TASK GOAL
Your answer must consist solely of the lines from the one containing "- Sin Clasificación" through the last line of the records below, reproduced exactly, with all pictures omitted.

(Captioned web images)
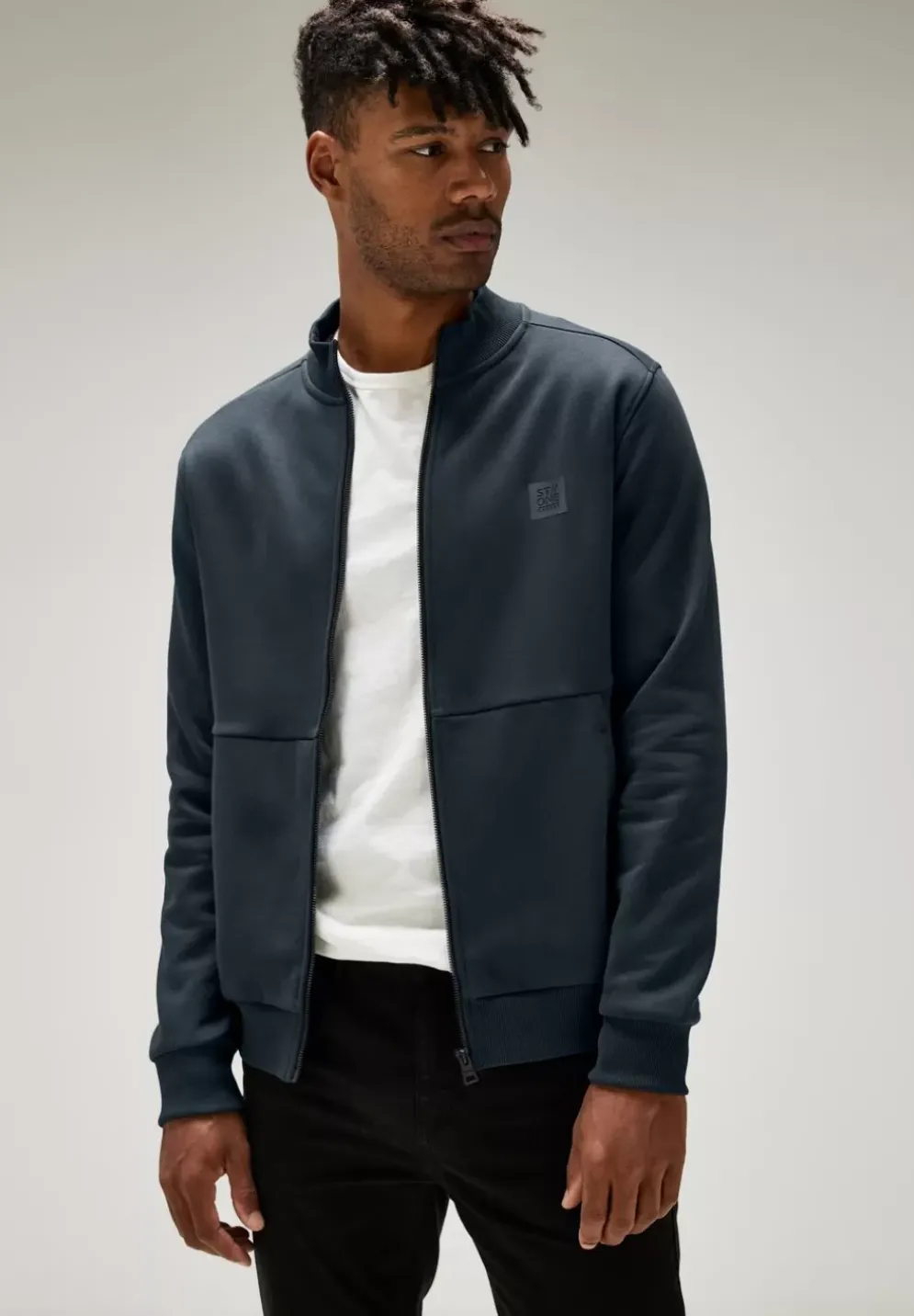 Sweatjacke Mit Stehkragen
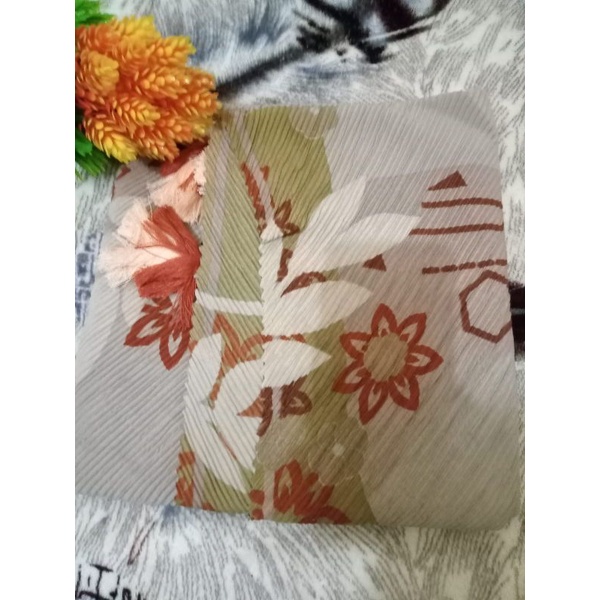 HIJAB/KERUDUNG SEGI EMPAT PLISKET MOTIF POM POM/JAMBUL/RANDOM-A8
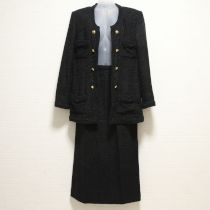 黒ロゴ入り金ボタンスーツ【M】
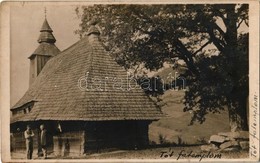 * T2/T3 Dara (Szinnai Járás, Zemplén Vármegye), Dreveny Kostol / Tót Fatemplom / Wooden Church. Fot. Karol Plicka (felül - Sin Clasificación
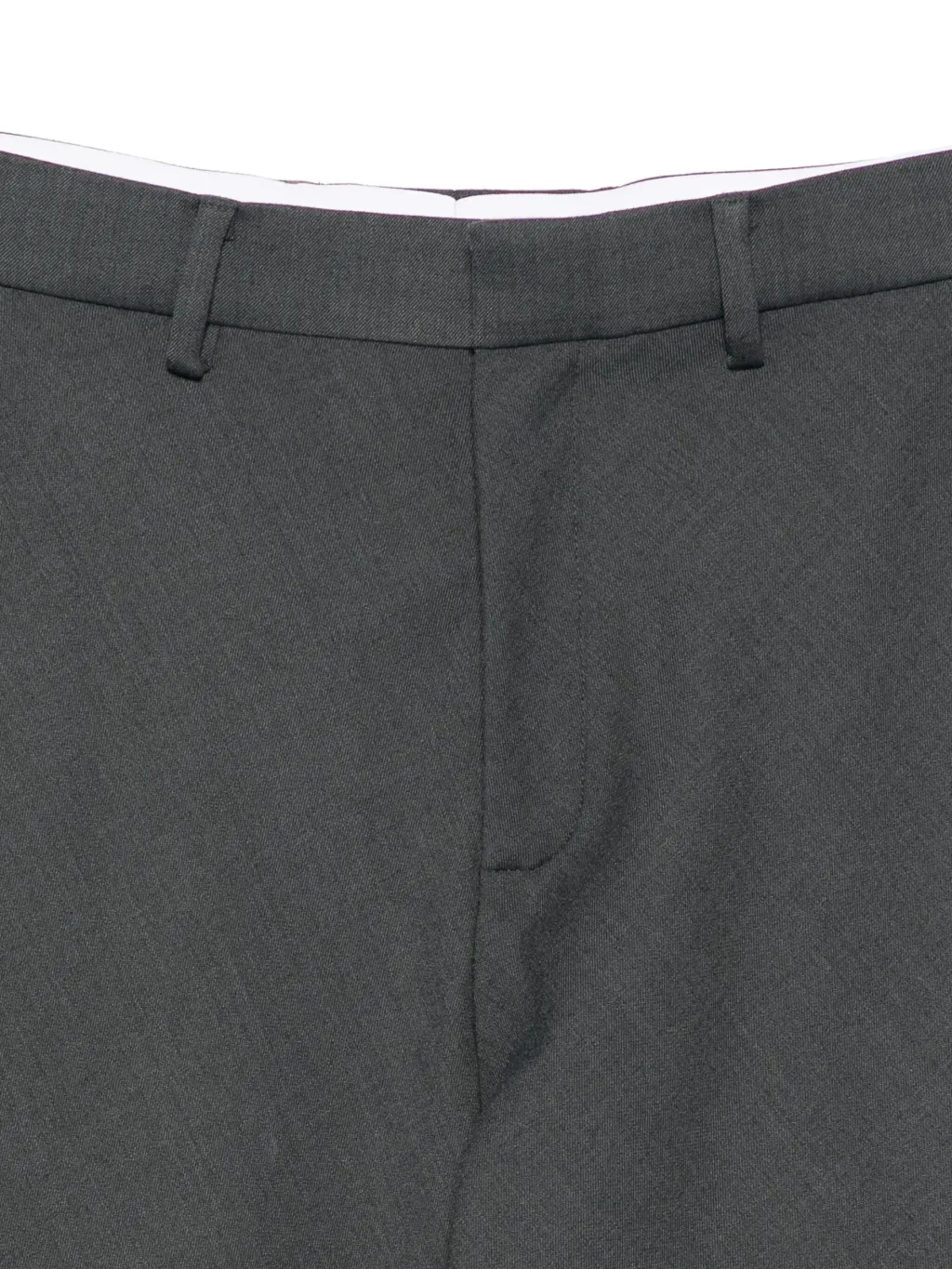 31229890_61634414_2048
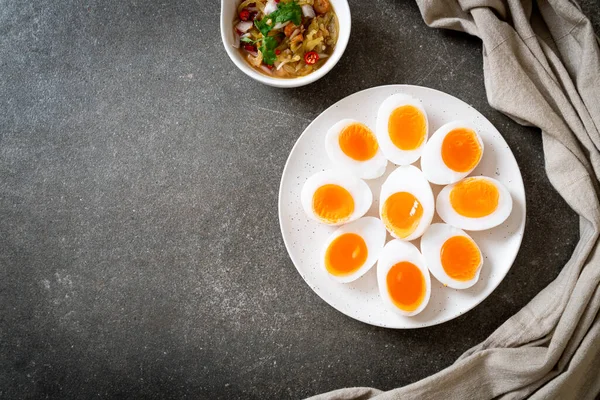 Мягкие Вареные Яйца Пряный Салат Здоровый Стиль Питания — стоковое фото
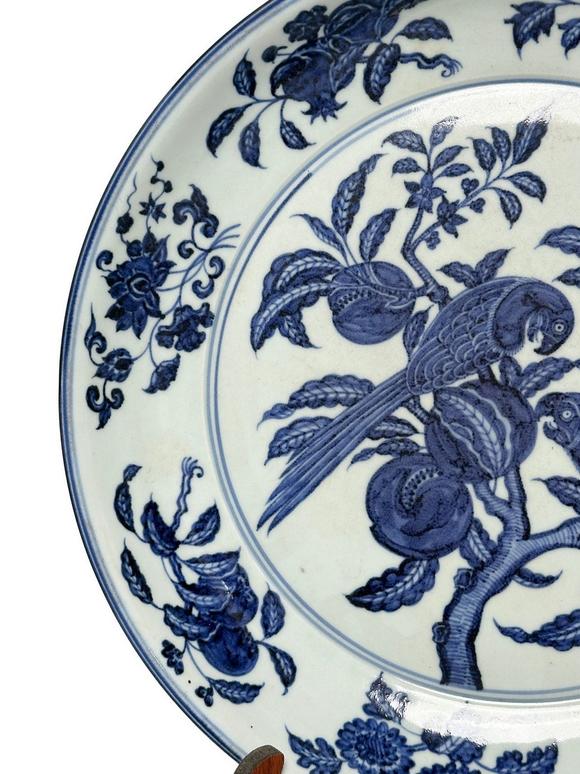 Castle AuctionA Chinese blue-and-white parrot plate, Ming Dynasty Pr. 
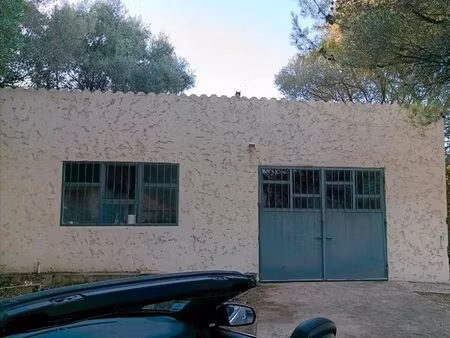 local habitable à vendre – bandol (zone ueco)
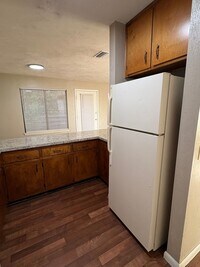 Building Photo - North Pointe Apts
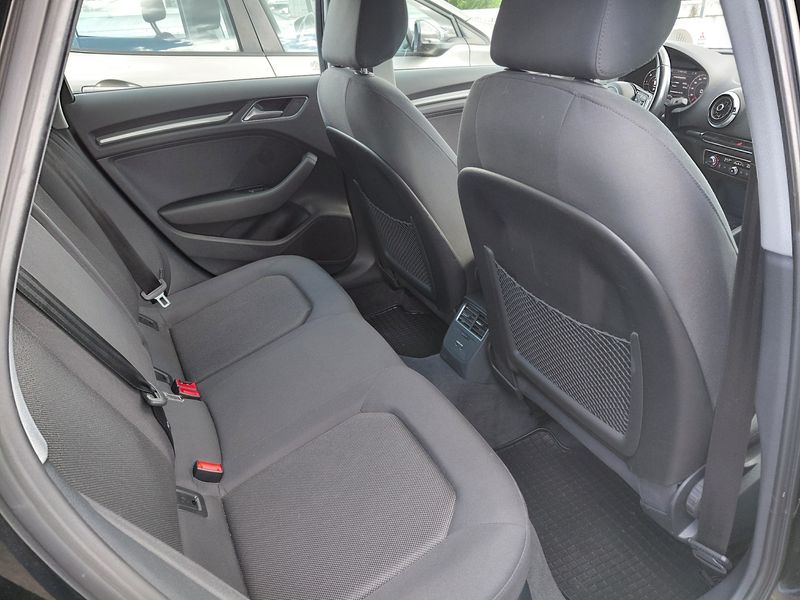 Audi A3 Sportback 2.0 TDI 2018 – снимка 19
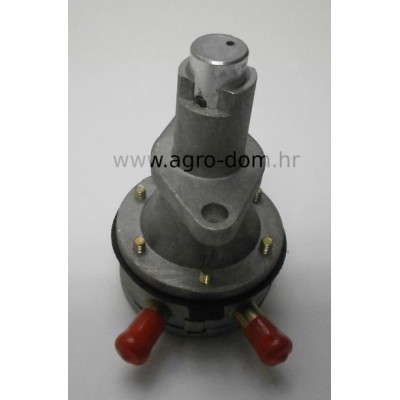 Pumpa goriva Kubota V2203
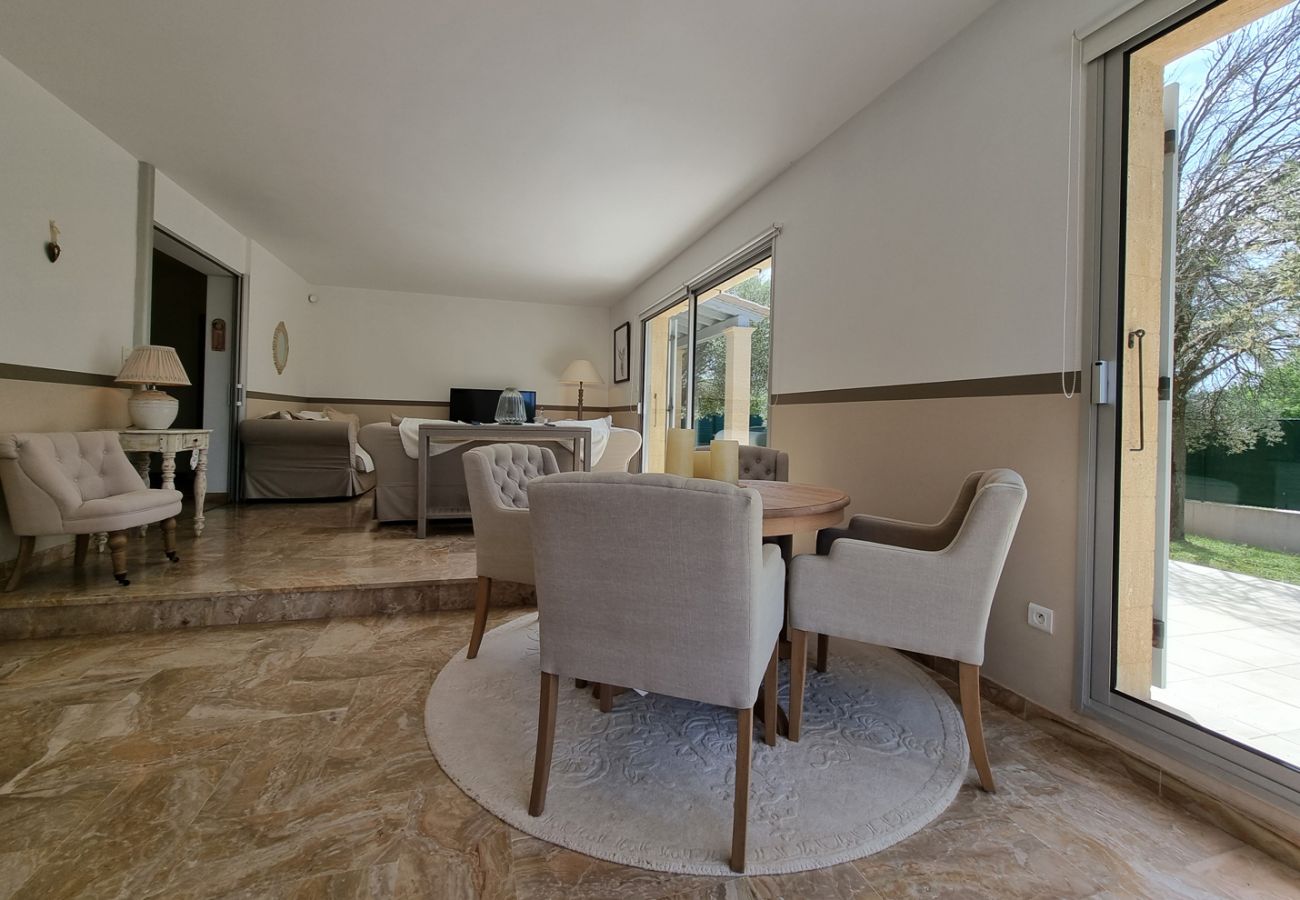 Villa in Saint-Quentin-la-Poterie - Jardin d'Uzès walking distance village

REPLY
 * T2/T3 Dara (Szinnai Járás, Zemplén Vármegye), Dreveny Kostol / Tót Fatemplom / Wooden Church. Fot. Karol Plicka (felül - Sin Clasificación
 31229890_61634414_2048
 Мягкие Вареные Яйца Пряный Салат Здоровый Стиль Питания — стоковое фото
 Castle AuctionA Chinese blue-and-white parrot plate, Ming Dynasty Pr. 
 local habitable à vendre – bandol (zone ueco)
 Building Photo - North Pointe Apts
 Audi A3 Sportback 2.0 TDI 2018 – снимка 19
 Pumpa goriva Kubota V2203
 Villa in Saint-Quentin-la-Poterie - Jardin d'Uzès walking distance village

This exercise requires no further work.